▸ **Description of the task**: Begin with the opening line of the records and extract each line through the one holding "Hình ảnh Cho"; pictures are not part of the copy.

Items from a dataset
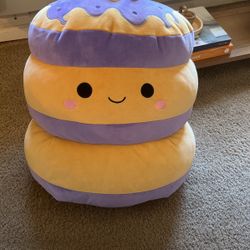 Pancake Squishmellow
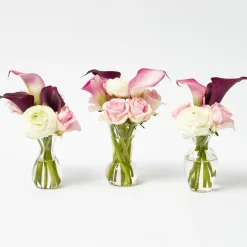 Vases | Vases & Planters<Mrs. Alice Ava Bud Vase Set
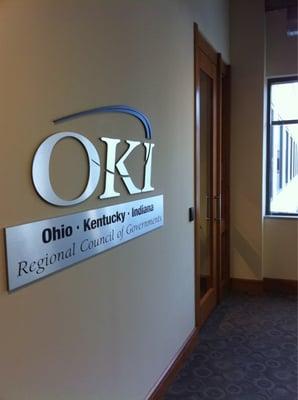 Oki Regional Council of Governments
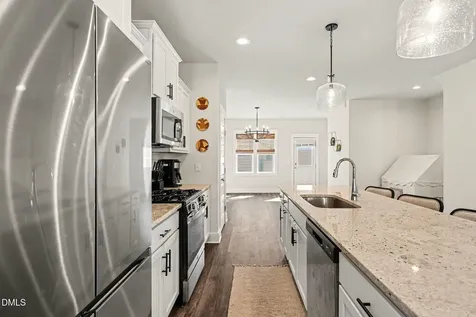 1252 Barreto Drive Wendell NC 27591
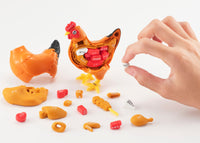 Chicken Kaitai Puzzle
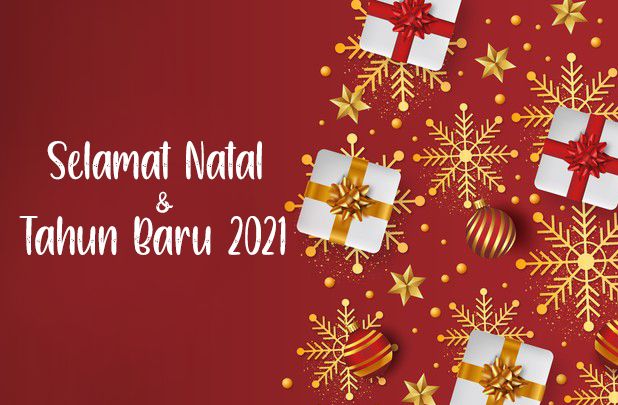 Detail Logo Natal Dan Tahun Baru Nomer 34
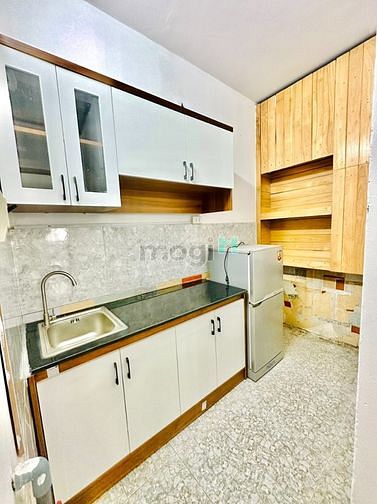 Hình ảnh Cho thuê 1PN Full nội thất gần sân bay Tân Sơn Nhất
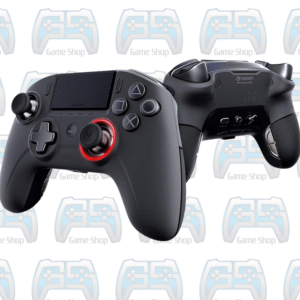 Nacon Revolution Unlimited Pro Controller | Description Produit | OCCASION 2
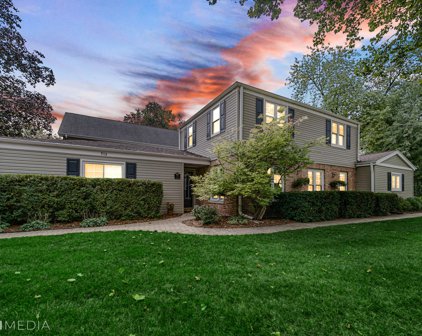 713 E Lynden Lane, Arlington Heights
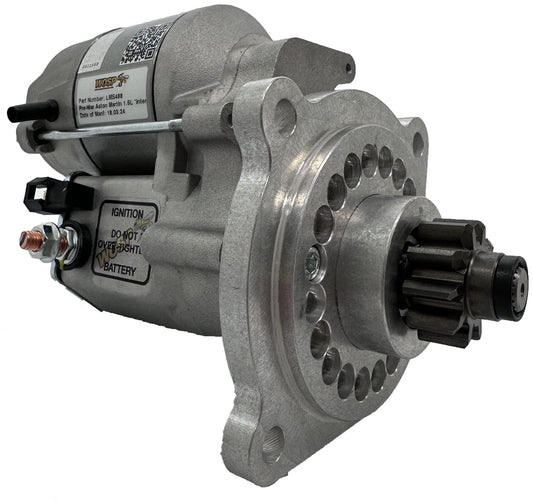 WOSPerformance Aston Martin Pre-War 1.5L 'international' high torque starter motor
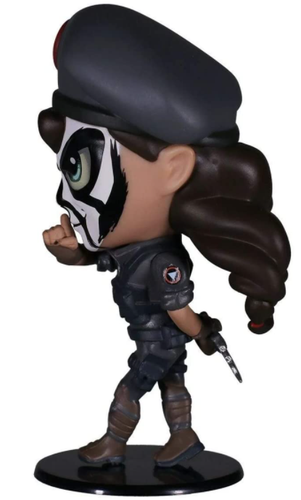Figuras Colección Rainbow Six Siege Serie 3 - Imagen 12 de 29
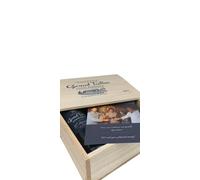 CHATEAU GRAND BERT - Château Grand Tuillac Cuvée Elegance - Coffret 2002 - AOC Castillon Côtes de Bordeaux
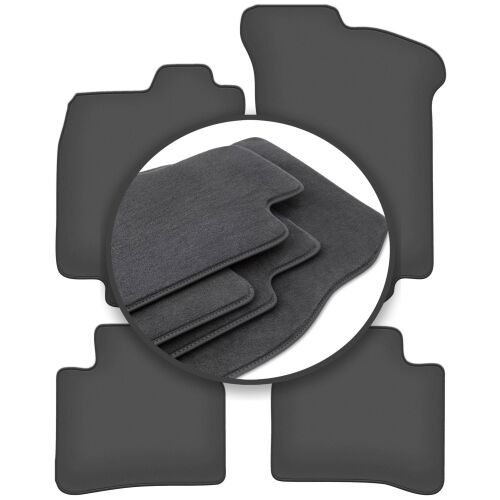 Prémium autószőnyegek a következő modellekhez: Lancia Delta II ferdehátú (1993-1999) 144501062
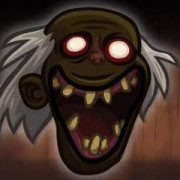Trollface Quest: Horror 3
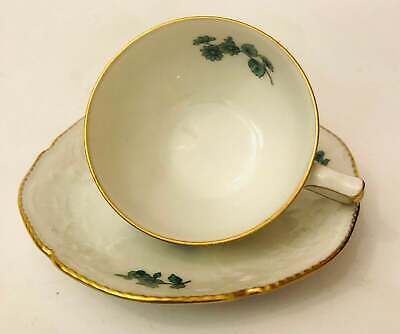 Mocca Tasse Rosenthal  Sanssouci         190034
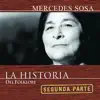 La Historia Del Folklore (Segunda Parte) album lyrics, reviews, download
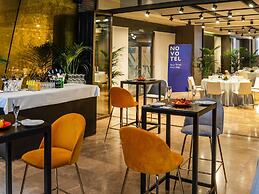 Novotel Madrid Center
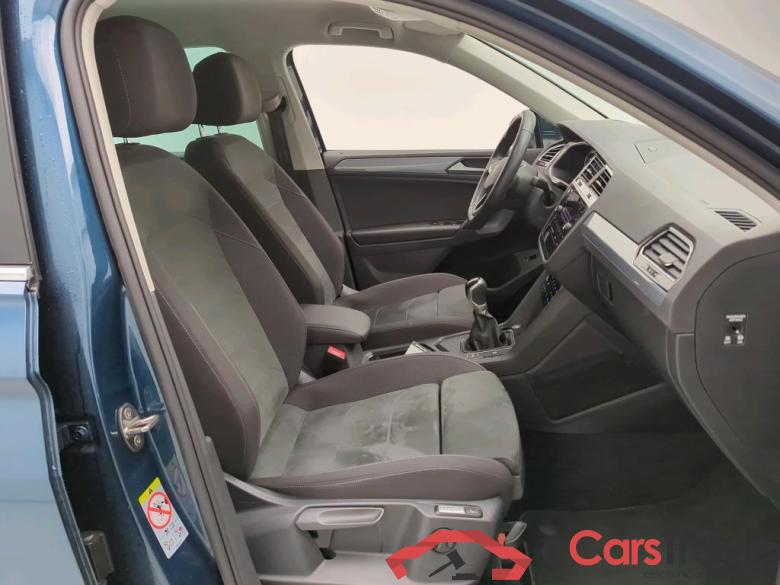 Volkswagen Tiguan 1.5 TSI 110kW Life Business 5d #3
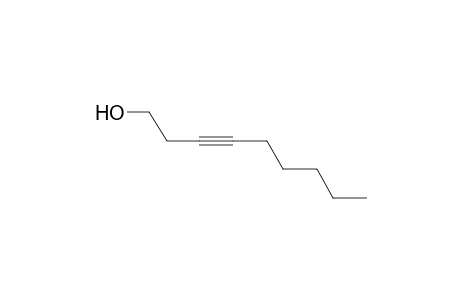 3-Nonyn-1-ol
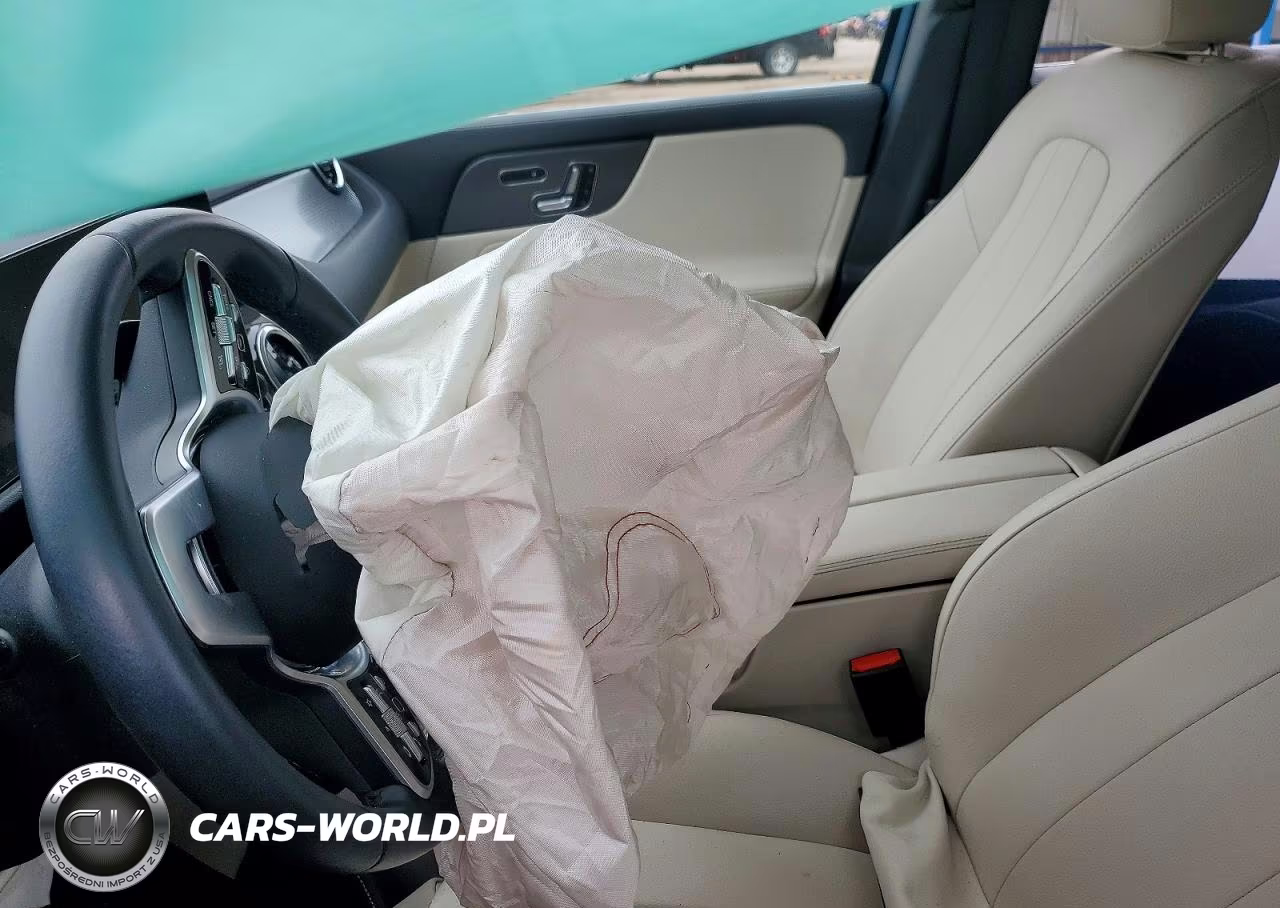 2023 Mercedes-Benz Gla 250 4Matic VIN:W1N4N4HBXPJ421009 - 7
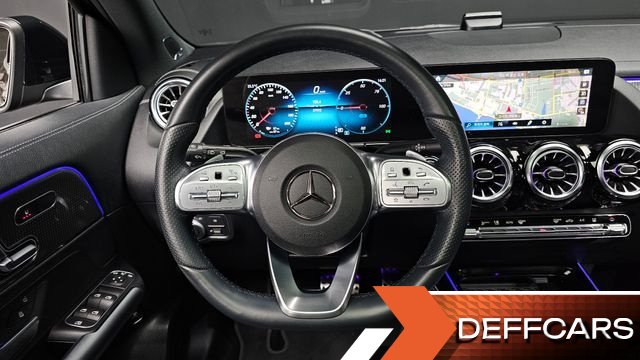 Mercedes EQA EQA250 AMG Line купить на сайте DeffCars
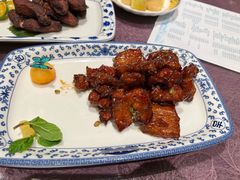 麦仁秘制骨-宁波状元楼酒店(和义路店)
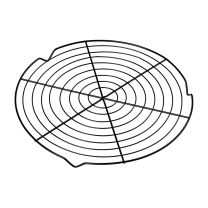 Tala Cake Cooling Rack Non Stick 30cm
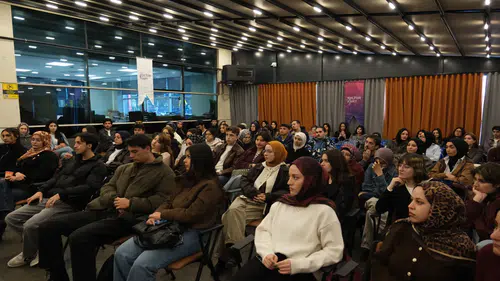 Konya’da maraton öncesi dikkat çeken hazırlık: Genç ekip sahada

▸ **Answer box**:
 Pancake Squishmellow
 Vases | Vases & Planters<Mrs. Alice Ava Bud Vase Set
 Oki Regional Council of Governments
 1252 Barreto Drive Wendell NC 27591
 Chicken Kaitai Puzzle
 Detail Logo Natal Dan Tahun Baru Nomer 34
 Hình ảnh Cho thuê 1PN Full nội thất gần sân bay Tân Sơn Nhất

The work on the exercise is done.